CLEVELAND -- Along with countless assists, Chris Paul has given teammate David West a rather unique nickname.
"I call David West the 17-foot assassin," Paul said.
The Cavaliers now know why.
West calmly dropped a 17-foot jumper -- coming on Paul's 20th and most impressive assist -- with 0.6 seconds remaining to give the New Orleans Hornets their fifth straight win, 100-99 over Cleveland on Wednesday night.
LeBron James' driving layup had given the Cavaliers a 99-98 lead with 7.7 seconds left before Paul and West, the Hornets' All-Star duo, teamed up for the game-winner.
With the 6-foot-8 James guarding him up top, Paul, who had just one turnover in 42 minutes, took an inbounds pass and drove left, picking up a screen near the foul line. Paul then drove deep in the lane, drawing three defenders before spinning and whipping a pass back to West.
West then knocked down his shot on the exact play Hornets coach Byron Scott had drawn up during the team's previous timeout.
"We knew we were going to have a chance to get the ball to Chris Paul and let him create," Scott said. "We knew we were going to get a good look at it. If we got the shot, we didn't want to leave a lot of time on the clock. It was .6 when David nailed it.
"It worked to perfection."
Cleveland got the ball to James, whose 75-foot heave at the horn rattled off the 24-second clock at the other end. James, who barked in frustration at teammates earlier in the fourth quarter, punched his hand in his fist and complained to assistant coach Mike Malone before heading to the locker room.
Following a postgame ice bath, James had cooled way down.
"If we get a stop, we win the ballgame," he said. "We played pretty good defense. We bottled him (Paul) up, but with eyes in the back of his head, he found David West."
Peja Stojakovic scored 25 points -- 18 on 3-pointers -- West added 20 points and Paul 15 for the Hornets, who came in with the Western Conference's best record and improved to 2-0 on a six-game road trip against Eastern Conference teams.
New Orleans, playing the second game of a back-to-back, snapped Cleveland's nine-game home winning streak and improved to 22-11 on the road.
"We're battle-tested," Paul said. "We have a lot of veterans on the team. When we put our starting five out there, I'm the youngest guy on the court. If I'm the one with the least experience, we're in a good situation."

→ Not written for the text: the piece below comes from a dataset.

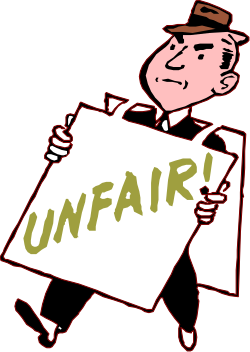 Unfair Clipart: Man Holding a Protest Sign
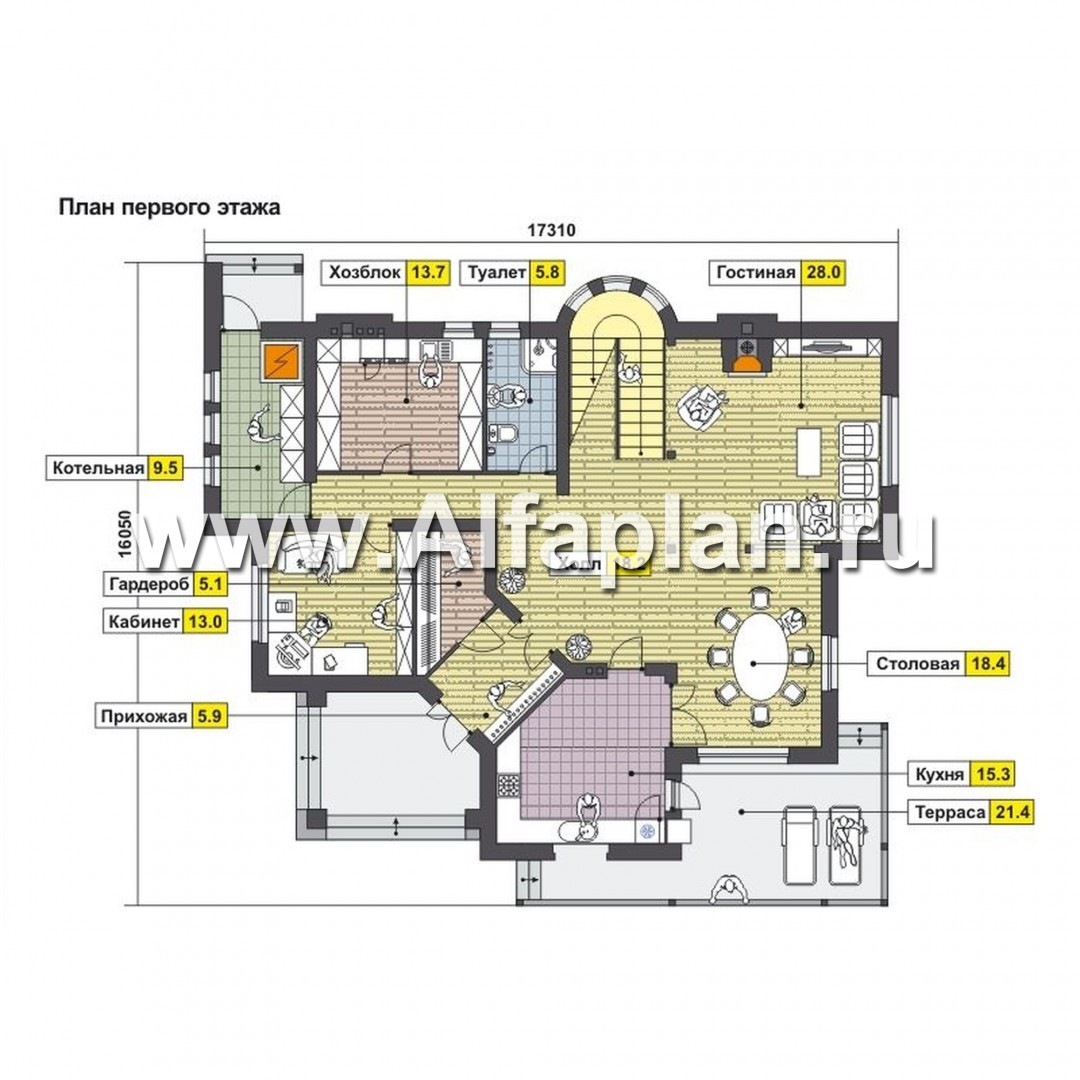 Проекты домов Альфаплан - Двуxэтажный дом с комфортной планировкой - план проекта №1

Zydrunas Ilgauskas scored a season-high 29 points with 15 rebounds. James had 21 points and eight assists, but wasn't able to get a defensive stop in the closing seconds against Paul, one of his closest friends. Anderson Varejao added 15 rebounds for the Cavaliers.
Two free throws by James brought Cleveland within 96-95, but the Cavs couldn't get a rebound at the other end and Tyson Chandler's putback dunk put the Hornets ahead by three with 47 seconds remaining.
Following a timeout, James missed a left-handed layup but Ilgauskas tipped it in to make it 98-97. On the Hornets' next trip, Jannero Pargo was left wide open in the corner on another bad defensive rotation by Cleveland but missed a 3-pointer.
James then drove past Stojakovic for a layup with 7.7 seconds left to give Cleveland a 99-98 lead. But the Cavaliers couldn't prevent the ultra-quick Paul from getting deep penetration on the Hornets' last possession, leaving West with enough room to get off his shot.
"When we're in that situation, if he makes it, that's great, we win," Paul said. "If he misses, we still got a great shot."
The Cavaliers had expected to have back guard Daniel Gibson, who has been sidelined since Feb. 20 with a badly sprained left ankle. However, with a favorable break in the schedule -- Cleveland doesn't play again until Saturday -- the Cavs decided to give him and center Ben Wallace, nursing a sore back, more rest.
Cleveland could have used someone to slow Paul, who finished one assist shy of his season high and has 29 in two games against the Cavs this season.
"That's why he's the best point guard in the league," James said. "He gives them a confidence."
With the MVP candidate orchestrating everything for New Orleans' offense and Pargo making three 3-pointers while playing the entire second quarter, the Hornets, one of the league's best perimeter shooting teams, opened a 56-50 lead at halftime.
- Cavs radio announcer Joe Tait broadcast his 3,000th game with the franchise.
- Stojakovic (1,389) moved past Antoine Walker into eighth place in career 3-pointers.
- Browns quarterback Brady Quinn sat courtside.
- Of all the players in the NCAA tournament, James singled out Davidson sophomore Stephen Curry as the one he's most eager to see play at the next level. "He's a very, very, very, very, very good basketball player," James said. "I don't know if he's coming out (in the draft) this year. When he does, he has a spot."